Pres Ruto convenes cabinet meeting over deadly floods

Clothes are seen covered in mud at a house that was flooded in an area heavily affected by torrential rains and flash floods in Mai Mahiu, on April 29, 2024. [AFP]

Kenyan President William Ruto convened a special cabinet meeting on Tuesday to discuss measures to tackle deadly floods that have killed nearly 170 people and displaced 185,000 others since March, his office said.

Heavier than usual monsoon rains, compounded by the El Nino weather pattern, have devastated the East African country, turning roads into rivers, engulfing villages and threatening to unleash even more damage in the weeks to come.

In the worst single incident that killed nearly 50 villagers, a makeshift dam burst its banks in the Rift Valley before dawn on Monday, sending torrents of water and mud gushing down a hill and swallowing everything in its path.

The incident is the deadliest episode in the country since the start of the rainy season.

So far, 169 people have died in flood-related disasters, according to government data.

The cabinet will "discuss additional measures" to address the crisis, Ruto said on Monday on the sidelines of a summit of African leaders and the World Bank in the Kenyan capital Nairobi.

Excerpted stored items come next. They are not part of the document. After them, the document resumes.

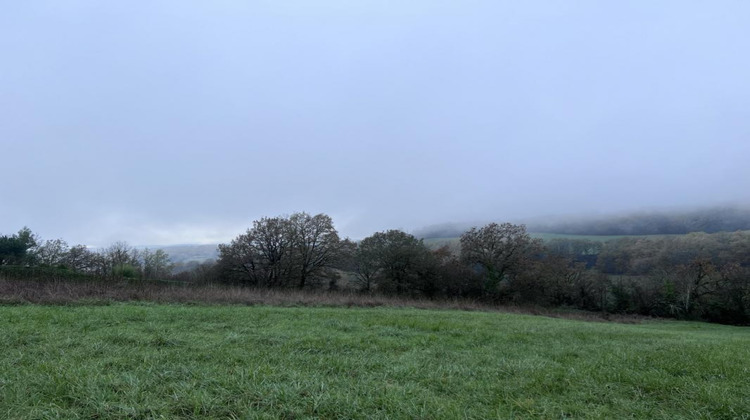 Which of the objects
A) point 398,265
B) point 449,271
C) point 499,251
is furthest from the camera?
point 499,251

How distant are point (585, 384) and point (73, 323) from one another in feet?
30.0

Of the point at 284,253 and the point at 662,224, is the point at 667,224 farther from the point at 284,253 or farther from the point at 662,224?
the point at 284,253

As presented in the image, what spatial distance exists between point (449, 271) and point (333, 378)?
144 feet

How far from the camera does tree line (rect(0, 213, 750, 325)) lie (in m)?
43.8

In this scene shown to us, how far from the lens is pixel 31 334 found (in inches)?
231

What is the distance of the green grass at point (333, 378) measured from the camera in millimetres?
3191

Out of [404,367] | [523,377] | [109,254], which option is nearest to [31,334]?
[404,367]

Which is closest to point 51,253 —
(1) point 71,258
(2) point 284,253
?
(1) point 71,258

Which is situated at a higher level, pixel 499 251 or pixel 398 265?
pixel 499 251

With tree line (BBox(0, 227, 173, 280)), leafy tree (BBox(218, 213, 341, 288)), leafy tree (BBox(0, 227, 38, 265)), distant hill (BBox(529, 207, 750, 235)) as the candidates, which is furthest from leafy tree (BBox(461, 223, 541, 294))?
distant hill (BBox(529, 207, 750, 235))

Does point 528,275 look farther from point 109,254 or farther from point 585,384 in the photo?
point 109,254

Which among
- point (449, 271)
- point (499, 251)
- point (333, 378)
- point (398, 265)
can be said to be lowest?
point (449, 271)

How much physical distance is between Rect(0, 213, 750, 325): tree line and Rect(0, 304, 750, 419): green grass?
3704cm

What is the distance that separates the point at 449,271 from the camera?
4656cm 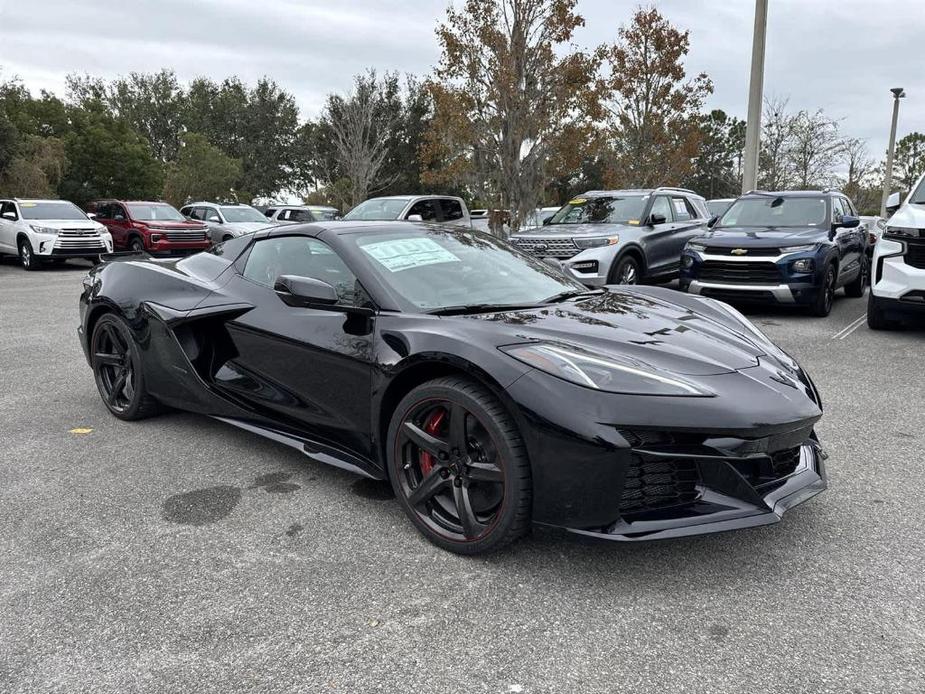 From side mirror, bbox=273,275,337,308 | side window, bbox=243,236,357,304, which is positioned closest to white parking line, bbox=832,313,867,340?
side window, bbox=243,236,357,304

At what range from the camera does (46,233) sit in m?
16.4

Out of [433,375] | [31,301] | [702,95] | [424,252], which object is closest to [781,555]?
[433,375]

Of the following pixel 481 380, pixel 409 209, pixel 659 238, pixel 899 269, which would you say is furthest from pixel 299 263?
pixel 409 209

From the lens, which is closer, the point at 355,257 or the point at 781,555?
the point at 781,555

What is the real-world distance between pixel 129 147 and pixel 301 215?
21151mm

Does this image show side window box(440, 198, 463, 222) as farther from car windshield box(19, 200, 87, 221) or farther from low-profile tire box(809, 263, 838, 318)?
car windshield box(19, 200, 87, 221)

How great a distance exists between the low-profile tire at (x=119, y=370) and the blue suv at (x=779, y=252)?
265 inches

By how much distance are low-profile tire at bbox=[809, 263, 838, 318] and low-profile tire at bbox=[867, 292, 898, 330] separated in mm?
871

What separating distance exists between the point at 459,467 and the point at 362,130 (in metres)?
35.5

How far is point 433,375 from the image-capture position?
9.61 ft

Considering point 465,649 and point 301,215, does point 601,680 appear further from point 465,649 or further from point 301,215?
point 301,215

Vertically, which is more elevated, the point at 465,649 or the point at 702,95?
the point at 702,95

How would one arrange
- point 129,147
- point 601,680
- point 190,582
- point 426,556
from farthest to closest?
1. point 129,147
2. point 426,556
3. point 190,582
4. point 601,680

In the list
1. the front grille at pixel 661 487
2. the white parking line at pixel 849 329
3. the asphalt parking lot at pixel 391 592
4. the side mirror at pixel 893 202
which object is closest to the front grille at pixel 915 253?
the side mirror at pixel 893 202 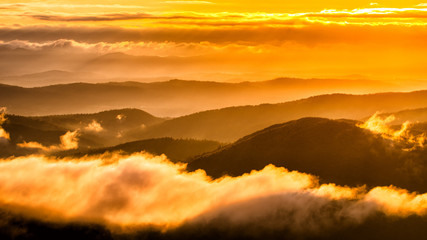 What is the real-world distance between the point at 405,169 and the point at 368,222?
22475 millimetres

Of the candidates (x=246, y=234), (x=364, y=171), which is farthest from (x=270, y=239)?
(x=364, y=171)

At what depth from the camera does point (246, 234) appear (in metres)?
197

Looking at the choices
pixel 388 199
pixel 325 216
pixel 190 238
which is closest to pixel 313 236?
pixel 325 216

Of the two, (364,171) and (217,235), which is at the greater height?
(364,171)

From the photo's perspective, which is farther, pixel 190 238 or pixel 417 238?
pixel 190 238

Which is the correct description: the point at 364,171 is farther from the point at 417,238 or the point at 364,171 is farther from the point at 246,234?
the point at 246,234

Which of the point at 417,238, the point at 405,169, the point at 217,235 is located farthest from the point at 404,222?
the point at 217,235

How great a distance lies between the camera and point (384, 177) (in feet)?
644

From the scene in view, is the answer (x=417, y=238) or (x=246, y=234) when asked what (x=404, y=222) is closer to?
(x=417, y=238)

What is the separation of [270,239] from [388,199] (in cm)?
3743

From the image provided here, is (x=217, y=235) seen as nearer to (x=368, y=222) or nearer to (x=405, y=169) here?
(x=368, y=222)

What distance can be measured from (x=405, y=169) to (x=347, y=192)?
770 inches

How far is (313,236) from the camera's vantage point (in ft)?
621

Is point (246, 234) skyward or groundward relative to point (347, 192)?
groundward
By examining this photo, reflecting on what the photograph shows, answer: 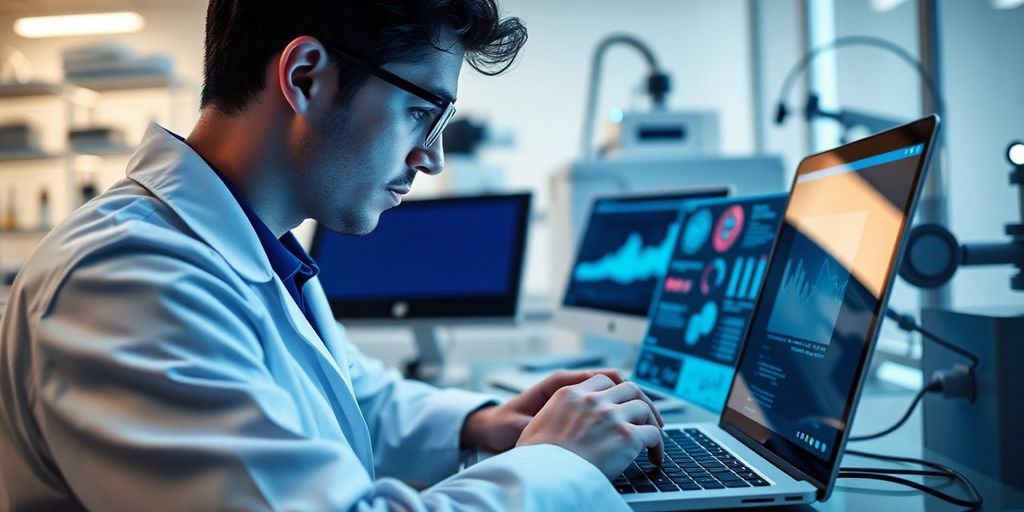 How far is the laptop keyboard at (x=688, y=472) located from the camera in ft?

"My government is going to... make sure that citizens who are victims of climate change, who today are suffering floods, they are suffering mudslides, are looked after," he said.

The Rift Valley deluge cut off a road, uprooted trees, washed away homes and sent vehicles flying, devastating the village of Kamuchiri in Nakuru county.

Forty-seven people were killed, Nakuru County health minister Jacqueline Osoro told AFP on Tuesday.

"This morning we lost one person who was in the HDU (high dependency unit), so we've moved at 47 deaths," she said, fearing the toll could increase as 76 people were reported missing.

Nakuru governor Susan Kihika said 110 people were being treated in hospital.

Opposition leaders and lobby groups have accused the government of being unprepared and slow to react despite meteorological warnings, demanding that it declare the floods a national disaster.

The weather has also wreaked havoc in neighbouring Tanzania, where at least 155 people have been killed in flooding and landslides.

In Ethiopia's capital Addis Ababa, flooding claimed the lives of four people on Monday, according to the Fire and Disaster Risk Management Commission.

A woman and her baby died in the Rwandan capital Kigali on Sunday when heavy rainfall caused their house to collapse, police said.

In neighbouring Burundi, one of the world's poorest countries, about 96,000 people have been displaced by months of relentless rains, according to the United Nations and the government.

Uganda has also suffered heavy storms that have caused riverbanks to burst, with two deaths confirmed and several hundred villagers displaced.